A private school in Bradford has lost its battle to bring back corporal punishment.

Bradford Christian School, in Bolton Woods, was one of four to take an appeal to the House of Lords yesterday.

A delegation of teachers and parents claimed at a hearing before five Law Lords last December that the 1999 ban on corporal punishment infringed their human rights.

Yesterday the Lords ruled that lifting the ban would not be in the interest of children.

Phil Moon, head teacher at the Livingstone Road school, which has 200 pupils aged four to 16, said he was disappointed. "We understand the climate in which we were making this appeal but, at the same time, the Government is struggling to maintain discipline in schools with the strategies it has set out," he said. "It seems we were disciplined when we were making something work and doing it with integrity."

Mr Moon said the decision to launch the appeal had led many of the worst cases of child abuse to be highlighted.
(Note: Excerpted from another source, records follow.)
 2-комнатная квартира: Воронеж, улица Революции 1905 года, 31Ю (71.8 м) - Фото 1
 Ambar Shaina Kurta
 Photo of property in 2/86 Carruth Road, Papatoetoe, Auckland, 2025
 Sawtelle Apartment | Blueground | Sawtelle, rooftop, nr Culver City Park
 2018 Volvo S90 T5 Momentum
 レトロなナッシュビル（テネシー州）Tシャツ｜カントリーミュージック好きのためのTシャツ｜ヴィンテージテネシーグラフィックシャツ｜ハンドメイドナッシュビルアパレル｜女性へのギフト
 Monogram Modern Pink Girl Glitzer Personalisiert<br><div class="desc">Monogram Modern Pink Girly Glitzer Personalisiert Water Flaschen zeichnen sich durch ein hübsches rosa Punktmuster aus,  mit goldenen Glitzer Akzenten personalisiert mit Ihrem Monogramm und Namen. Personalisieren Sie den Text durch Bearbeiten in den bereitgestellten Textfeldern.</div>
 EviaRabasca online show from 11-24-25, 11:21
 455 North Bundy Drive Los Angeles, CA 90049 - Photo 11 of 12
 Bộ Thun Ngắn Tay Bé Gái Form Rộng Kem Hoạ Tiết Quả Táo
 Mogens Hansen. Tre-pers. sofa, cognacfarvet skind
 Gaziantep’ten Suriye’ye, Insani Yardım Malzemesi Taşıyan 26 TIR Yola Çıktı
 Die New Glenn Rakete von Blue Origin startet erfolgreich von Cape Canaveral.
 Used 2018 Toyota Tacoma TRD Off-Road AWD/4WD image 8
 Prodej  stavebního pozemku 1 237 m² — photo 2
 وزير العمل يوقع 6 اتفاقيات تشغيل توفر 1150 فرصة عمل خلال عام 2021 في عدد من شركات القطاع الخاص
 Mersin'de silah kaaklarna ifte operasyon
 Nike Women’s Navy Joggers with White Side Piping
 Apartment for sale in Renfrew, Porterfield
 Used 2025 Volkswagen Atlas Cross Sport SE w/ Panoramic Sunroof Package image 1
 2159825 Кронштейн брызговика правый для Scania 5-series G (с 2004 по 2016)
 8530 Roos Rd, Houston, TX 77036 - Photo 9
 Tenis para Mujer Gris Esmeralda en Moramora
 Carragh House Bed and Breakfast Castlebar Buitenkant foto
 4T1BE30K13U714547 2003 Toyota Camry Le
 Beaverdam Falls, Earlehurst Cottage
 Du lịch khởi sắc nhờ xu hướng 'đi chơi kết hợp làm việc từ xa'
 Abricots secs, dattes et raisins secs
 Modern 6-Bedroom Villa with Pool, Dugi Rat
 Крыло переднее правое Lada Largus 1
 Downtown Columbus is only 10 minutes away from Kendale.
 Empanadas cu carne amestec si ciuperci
But he insisted: "These extreme cases that we see in the press are awful for the children but, because of these extreme cases, parents who used corporal punishment carefully and with restraint would have that taken away.

"Working with children every day, we see that the natural authority that exists between parents or teachers and children is being eroded, and just to have the knowledge that corporal punishment could be used infrequently and with restraint would have been helpful."

Mr Moon said that, when the legal battle began about five years ago, 90 per cent of parents supported corporal punishment.

Schools involved in the appeal argued they were set up specifically to provide a Christian education based on Biblical observance and this meant the use of corporal punishment on a limited basis as part of their beliefs.

Lord Nicholls of Birkenhead, giving the lead ruling, said their beliefs "involve inflicting physical violence on children in an institutional setting".

"Parliament was bound to respect the claimants' beliefs in this regard, but was entitled to decide that manifestation of these beliefs in practice was not in the best interests of children," he said.

Both the High Court and the Court of Appeal have already thrown out the argument that the 1996 Education Act, which prohibits smacking, infringes parents' and teachers' religious freedoms and right to an education of their choice.